Not only can an underage drinker face some legal issues if they are pulled over in their vehicle after drinking at a party, but their actions may affect everything from insurance costs to academic scholarships and even employment opportunities.
It’s crucial to iterate that drinking and driving can have long-term effects on someone’s life, even if there was no injury, accident, or death.
Have an Open and Honest Discussion
Finding time to sit down and discuss anything with your teen or college-aged child can be difficult, and when you do get the chance, you might want to take the lead and say everything you need to say before they’re off to class or another activity.
Important discussions should never be rushed. Create an opportunity to have an open and honest discussion, which means that you let your child express their own concerns and expectations about drinking and driving or drinking in general.
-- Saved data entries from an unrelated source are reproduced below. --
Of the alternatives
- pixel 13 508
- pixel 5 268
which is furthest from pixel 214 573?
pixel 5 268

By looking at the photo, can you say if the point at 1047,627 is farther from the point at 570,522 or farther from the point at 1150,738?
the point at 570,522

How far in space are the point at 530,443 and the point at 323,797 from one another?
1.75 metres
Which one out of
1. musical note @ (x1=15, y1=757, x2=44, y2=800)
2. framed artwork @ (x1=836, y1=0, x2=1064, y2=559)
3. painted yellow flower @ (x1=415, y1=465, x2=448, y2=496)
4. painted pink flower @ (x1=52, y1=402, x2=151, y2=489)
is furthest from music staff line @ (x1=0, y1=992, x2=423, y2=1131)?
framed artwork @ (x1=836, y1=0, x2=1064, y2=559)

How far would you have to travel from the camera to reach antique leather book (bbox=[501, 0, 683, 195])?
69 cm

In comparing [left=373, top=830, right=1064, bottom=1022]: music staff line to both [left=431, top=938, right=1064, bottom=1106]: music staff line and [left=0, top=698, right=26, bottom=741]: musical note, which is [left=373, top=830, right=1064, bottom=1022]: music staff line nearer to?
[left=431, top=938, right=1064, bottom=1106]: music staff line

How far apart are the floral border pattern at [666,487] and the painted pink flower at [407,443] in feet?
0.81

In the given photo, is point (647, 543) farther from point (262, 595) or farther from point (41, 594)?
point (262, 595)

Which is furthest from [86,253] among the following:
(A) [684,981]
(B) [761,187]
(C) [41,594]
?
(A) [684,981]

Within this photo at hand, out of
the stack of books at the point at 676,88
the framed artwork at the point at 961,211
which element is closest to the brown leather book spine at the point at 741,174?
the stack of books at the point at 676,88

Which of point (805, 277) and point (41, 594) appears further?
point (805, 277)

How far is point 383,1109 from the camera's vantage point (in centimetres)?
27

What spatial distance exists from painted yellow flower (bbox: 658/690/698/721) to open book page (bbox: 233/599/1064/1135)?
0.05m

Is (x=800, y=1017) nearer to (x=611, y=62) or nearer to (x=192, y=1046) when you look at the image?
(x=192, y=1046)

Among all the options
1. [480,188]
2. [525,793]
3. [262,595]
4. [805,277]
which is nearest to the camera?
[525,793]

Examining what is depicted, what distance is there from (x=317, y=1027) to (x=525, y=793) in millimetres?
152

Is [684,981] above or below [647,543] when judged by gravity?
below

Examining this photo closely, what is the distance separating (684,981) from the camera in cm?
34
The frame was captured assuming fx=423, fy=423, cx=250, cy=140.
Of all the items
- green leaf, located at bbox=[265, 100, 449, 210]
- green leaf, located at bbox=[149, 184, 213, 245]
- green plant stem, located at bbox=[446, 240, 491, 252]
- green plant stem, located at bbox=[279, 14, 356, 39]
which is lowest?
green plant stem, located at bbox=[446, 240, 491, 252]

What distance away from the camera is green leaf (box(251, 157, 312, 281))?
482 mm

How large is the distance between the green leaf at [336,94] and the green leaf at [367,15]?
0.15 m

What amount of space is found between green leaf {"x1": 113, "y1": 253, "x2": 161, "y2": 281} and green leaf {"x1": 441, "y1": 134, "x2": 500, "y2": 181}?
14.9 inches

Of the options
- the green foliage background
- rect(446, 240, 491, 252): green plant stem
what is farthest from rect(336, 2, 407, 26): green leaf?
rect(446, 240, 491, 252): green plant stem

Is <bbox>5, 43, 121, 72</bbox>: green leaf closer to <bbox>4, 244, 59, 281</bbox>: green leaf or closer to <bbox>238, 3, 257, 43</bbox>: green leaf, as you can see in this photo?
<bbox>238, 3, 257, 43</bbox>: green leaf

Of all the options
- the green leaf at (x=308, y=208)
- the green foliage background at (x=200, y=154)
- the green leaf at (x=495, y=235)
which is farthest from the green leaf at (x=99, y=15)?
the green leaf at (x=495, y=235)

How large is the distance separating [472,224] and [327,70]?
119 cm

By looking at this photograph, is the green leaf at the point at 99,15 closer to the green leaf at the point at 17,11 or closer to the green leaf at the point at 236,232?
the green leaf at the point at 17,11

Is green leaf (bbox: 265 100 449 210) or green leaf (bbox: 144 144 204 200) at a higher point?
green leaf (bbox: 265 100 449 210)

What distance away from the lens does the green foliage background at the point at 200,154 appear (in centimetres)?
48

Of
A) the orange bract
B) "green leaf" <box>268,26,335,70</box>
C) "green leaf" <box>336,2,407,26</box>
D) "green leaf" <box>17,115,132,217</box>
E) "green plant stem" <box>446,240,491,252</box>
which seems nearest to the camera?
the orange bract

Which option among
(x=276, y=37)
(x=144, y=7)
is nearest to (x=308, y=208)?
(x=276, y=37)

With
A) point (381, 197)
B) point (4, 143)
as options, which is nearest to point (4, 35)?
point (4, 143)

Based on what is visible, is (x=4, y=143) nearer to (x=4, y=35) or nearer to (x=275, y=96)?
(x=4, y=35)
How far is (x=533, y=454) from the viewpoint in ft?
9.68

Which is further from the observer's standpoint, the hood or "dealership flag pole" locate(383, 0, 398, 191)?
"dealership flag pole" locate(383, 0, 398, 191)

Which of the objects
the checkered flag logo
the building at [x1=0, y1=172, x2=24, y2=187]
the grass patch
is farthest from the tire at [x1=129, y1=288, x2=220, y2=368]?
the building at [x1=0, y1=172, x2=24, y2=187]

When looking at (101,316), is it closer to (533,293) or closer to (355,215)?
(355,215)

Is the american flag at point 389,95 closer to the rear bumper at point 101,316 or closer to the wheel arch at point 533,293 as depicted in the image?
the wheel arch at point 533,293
As you talk about drinking and driving, create a plan with your child about what they should do rather than get behind the wheel after they have been drinking or if they are with someone who has.
Talk about designating a sober driver, encourage them to use resources on campus, or talk with other parents about being a person that your teen can call after a party. You should also discuss the importance of rideshare to avoid drunk driving and mass transportation options (as long as they are safe).